It is no real surprise the school board is struggling with its transportation budget.

It is no real surprise the school board is struggling with its transportation budget.

Back in May when the province passed Bill 1, which was designed to put an end to school fees and cover the cost of transportation to students living beyond walking distance to their school, it played havoc with the board’s busing fee structure.

Due to the change, Rocky View Schools (RVS) exhausted its reserve fund last year and with no new revenue, the division is short $1 million.

As with any person or organization that blows through their savings to cover additional costs without a plan for increased revenue in place, the piper has come calling.

Unfortunately, as with any failure in government to properly address spending, the taxpayer, or in this case parents of school-aged children, will be paying the price.

RVS should be commended for its efforts to consult with stakeholders on how to go about recovering the costs, but a look at the options is pretty bittersweet.

Parents basically have a choice between changes in bell times that might increase childcare costs or the loss of instructional dollars and teacher resources, which could hurt their child’s education.

While we understand that hard choices have to be made when dollars are tight, we can’t help but wonder why all the cost saving measures presented to parents directly effect students and teachers.

Why is there not an option to cut back at the administration or bureaucratic levels? If cutting 10 teachers will save $1 million, would it not take fewer cuts at the senior administration level to save the same?

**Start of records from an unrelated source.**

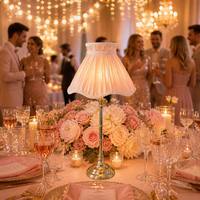 Elegante Lámpara de Mesa Inalámbrica con Pantalla Blanca con Volantes, Base de Latón Dorado, Control Táctil, Recargable, para Bodas, Exhibiciones, Decoración de Fiestas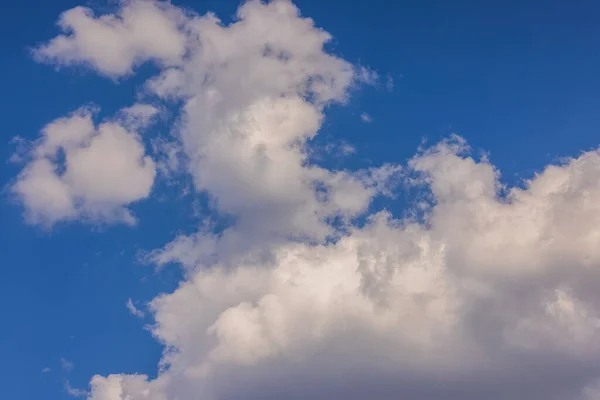 Όμορφη Θέα Του Μπλε Του Ουρανού Άσπρα Σύννεφα Την Ηλιόλουστη — Φωτογραφία Αρχείου
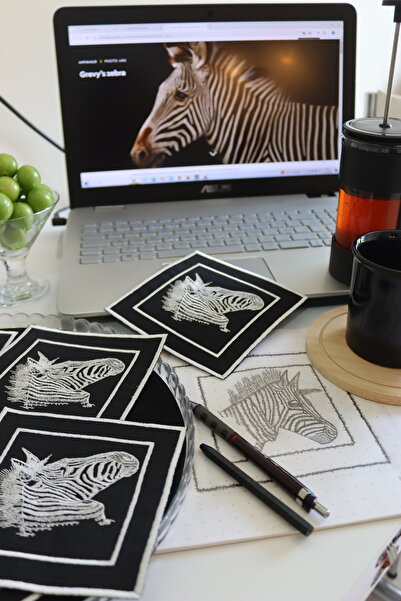 vipceyiz Zebra Desenli Kahve Yanı Sunum Peçetesi(3 adet)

We also can’t fully accept the school board’s finger pointing at the province for chronically underfunding transportation. If that has been the case for years, why has the school board continuously tried to spend out of the problem? It should have revamped the system long ago by either ensuring fees covered the cost or cutting some transportation services it was never being funded for – namely transporting those students living within 2.4 km of school.

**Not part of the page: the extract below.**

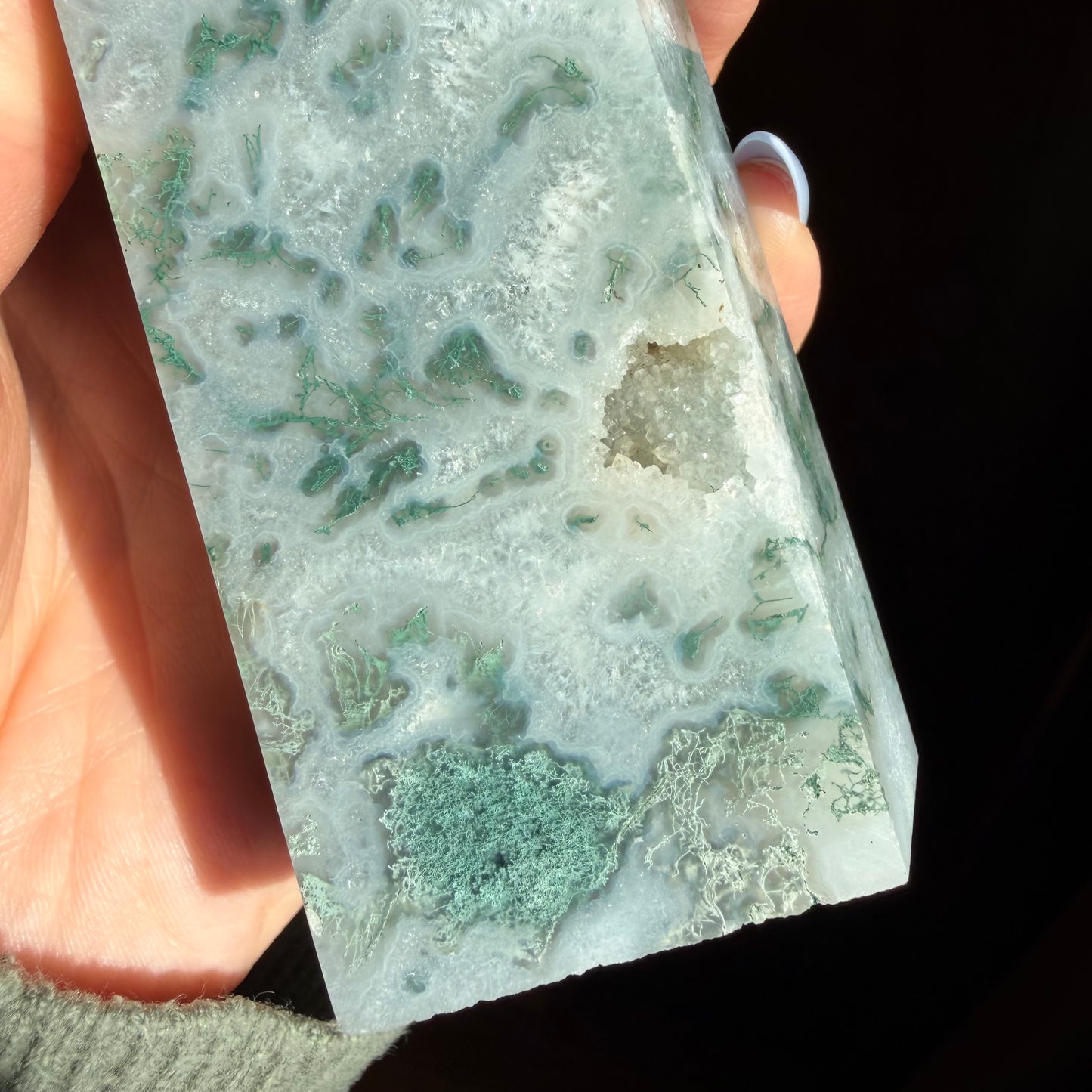 large moss agate tower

That being said the province must shoulder much of the blame for this predicament. Bill 1, while full of good intentions was on ideological policy that failed to take into account the broader picture. Limiting the number of students RVS could charge transportation fees to, while capping the amount it could charge and then shoveling on $400,000 in extra costs due to the carbon levy, something had to give.

As a result, some parents are paying more in bus fees than they were previously and all parents might have to adjust childcare costs depending on the choice RVS makes.

Ironically, those factors, some of which are a direct result of Bill 1, will far outweigh the saving to parents the bill eliminated.